直到他被人扛着送到了乐韶歌和乐正徵面前。
阿羽:……
乐韶歌:……
乐正徵:……
乐韶歌一个没忍住“噗”的笑出了声,便见阿羽满面通红,露出了羞恼的神色。
他师姐也只能赶紧见好就收,说服众人把他放下来,商量正事。
结果刚放下来,就被他师父乐正徵给一把抱住了。
阿羽更恼——不用抬头他就能想象自家师父一把鼻涕一把泪的没出息模样。
每每他想要表现出自己的成熟和可靠时,就会被师父当小孩子待;每每他终于得到机会和师姐独处时,就会被大猪蹄子师父毫无自觉的破坏;可只要他一觉得还有师父这根顶梁柱在,未来还很漫长岁月还很安稳时,他师父肯定就不会到场……这些,简直就是阿羽修道生涯里最熟悉的噩梦。
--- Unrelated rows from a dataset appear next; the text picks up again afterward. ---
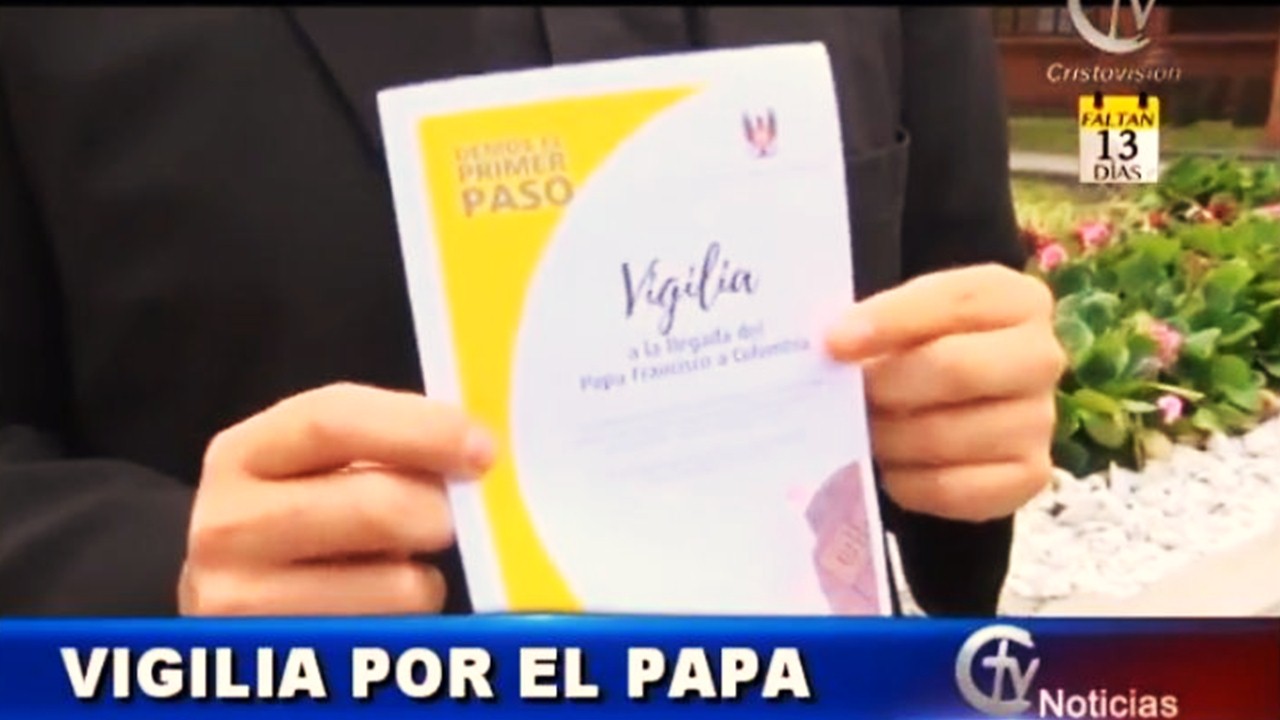 Participe en la Vigilia de Oración por la visita del Papa Francisco con Cristovisión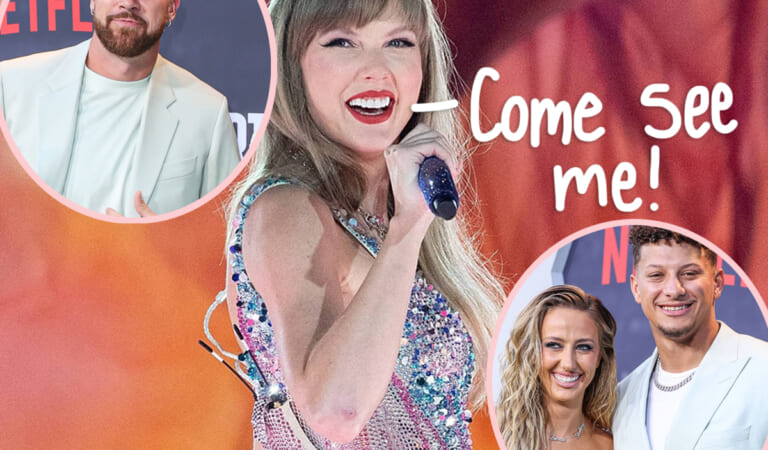 Travis Kelce WILL Go Overseas To See Taylor Swift Perform – And He’s Bringing Company!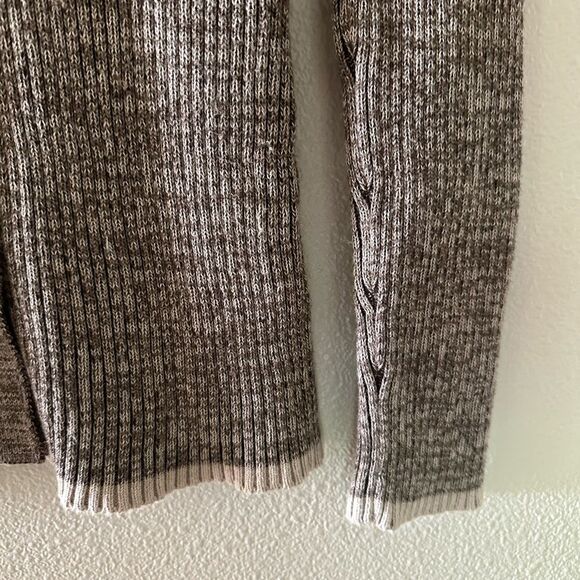 Rails Rory Sweater in Brown Multi Luxury Women’s Cardigan Ribbed Silk Blend S - Picture 8 of 11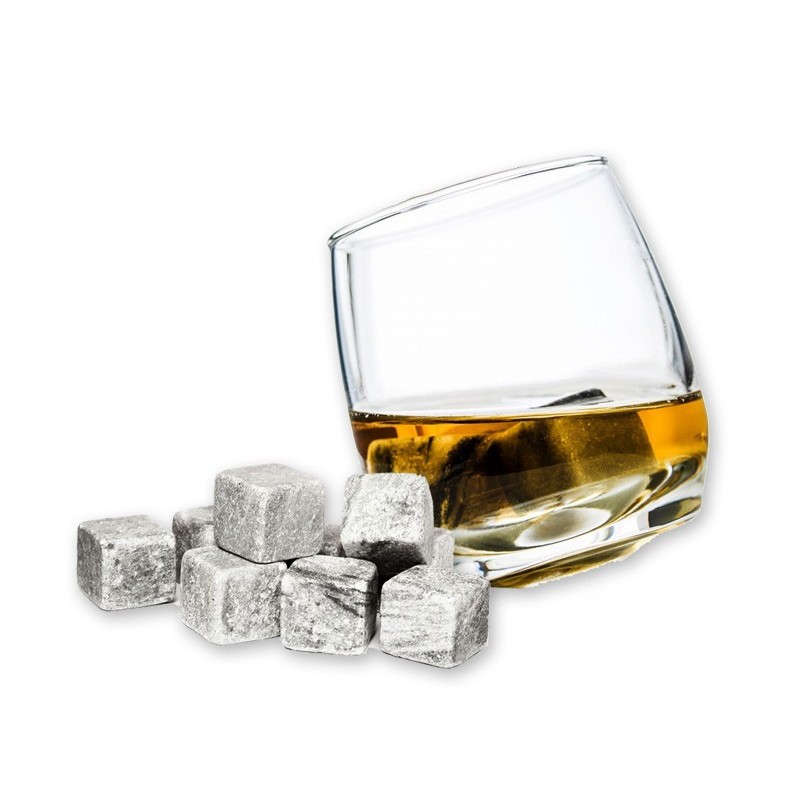 Sagaform Club Whiskey Stone Set Of 9 - Recycled Granite Drink Cooling Stone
可当他推开师父准备发火时,却见他衰老憔悴的模样。猛的便哑口无言了……
对了,师父一直在外追捕乐清和。并且已被乐清和镇压多年,重伤衰弱了。
原来……那些日常已结束了这么多年。
但让他反过来抱一抱师父,他又没这么坦率乖巧。
到底是乐韶歌扑上来,欢快的和他们抱在一起。解除了阿羽的愧疚,也满足了他心底真实的愿望。
可惜师父照旧不合时宜的感叹了一句,“如果舞霓也在这儿就好了。”
阿羽:……
乐韶歌笑着,“嗯,待此间大业功成,咱们一道回九华山投奔她去。”
大战的兴奋过后,所有人都疲惫不已。
但乐正徵和遗珠楼众依旧得打起精神接管仵官城。至于后续事宜,则得在此之后再做商议。
乐韶歌这个从天而降的外来人士,和乐正羽这个来历不明的神秘人士,不便于参与接管。便也难得有了小半日的闲暇时光。
乐韶歌便拽着阿羽又去了青荒崖。
落地也不多说,先伸手揽住脖子,亲了上去。
阿羽也只短暂错愕,随即便闭上眼睛,回吻了她。
这一次他没有再因畏惧天魔之力失控,而在解衣服这一步玩什么悬崖勒马。
终于两心如一别无旁骛的巫山,合奏一曲天地阴阳交欢大乐赋。
过后,雾散天明。
满地繁花异草盛开,四处啁啾鸟鸣。
阿羽靠着崖壁坐着,乐韶歌便靠在他的怀里,贴着胸口听他的心跳。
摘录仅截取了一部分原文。